Problem details → Produce an exact copy of the lines from the line containing "Replica Gucci Marmont" through the last line of the listing below, both ends included, and nothing else.

BEGIN

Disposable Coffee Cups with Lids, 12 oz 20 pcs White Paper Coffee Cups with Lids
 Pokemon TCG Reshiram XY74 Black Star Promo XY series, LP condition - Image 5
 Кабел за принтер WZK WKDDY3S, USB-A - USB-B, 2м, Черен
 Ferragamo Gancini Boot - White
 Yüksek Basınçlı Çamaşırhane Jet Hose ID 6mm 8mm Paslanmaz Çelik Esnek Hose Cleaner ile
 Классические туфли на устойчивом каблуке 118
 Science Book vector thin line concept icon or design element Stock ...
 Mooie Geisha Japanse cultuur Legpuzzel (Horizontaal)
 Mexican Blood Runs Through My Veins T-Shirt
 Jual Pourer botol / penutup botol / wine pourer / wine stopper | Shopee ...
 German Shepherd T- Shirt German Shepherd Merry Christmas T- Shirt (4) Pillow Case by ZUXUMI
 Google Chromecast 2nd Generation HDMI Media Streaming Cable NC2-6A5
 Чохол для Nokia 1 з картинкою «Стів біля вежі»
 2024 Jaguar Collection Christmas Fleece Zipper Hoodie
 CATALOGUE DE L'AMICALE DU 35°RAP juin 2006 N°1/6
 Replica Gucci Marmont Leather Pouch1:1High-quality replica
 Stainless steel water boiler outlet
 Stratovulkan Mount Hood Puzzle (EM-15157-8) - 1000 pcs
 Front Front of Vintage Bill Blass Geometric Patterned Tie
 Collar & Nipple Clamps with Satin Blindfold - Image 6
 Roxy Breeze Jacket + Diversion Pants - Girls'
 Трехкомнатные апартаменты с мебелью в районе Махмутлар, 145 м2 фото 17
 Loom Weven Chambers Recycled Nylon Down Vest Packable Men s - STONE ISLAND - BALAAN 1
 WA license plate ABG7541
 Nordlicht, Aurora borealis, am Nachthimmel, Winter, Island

END

Task response →
 Replica Gucci Marmont Leather Pouch1:1High-quality replica
 Stainless steel water boiler outlet
 Stratovulkan Mount Hood Puzzle (EM-15157-8) - 1000 pcs
 Front Front of Vintage Bill Blass Geometric Patterned Tie
 Collar & Nipple Clamps with Satin Blindfold - Image 6
 Roxy Breeze Jacket + Diversion Pants - Girls'
 Трехкомнатные апартаменты с мебелью в районе Махмутлар, 145 м2 фото 17
 Loom Weven Chambers Recycled Nylon Down Vest Packable Men s - STONE ISLAND - BALAAN 1
 WA license plate ABG7541
 Nordlicht, Aurora borealis, am Nachthimmel, Winter, Island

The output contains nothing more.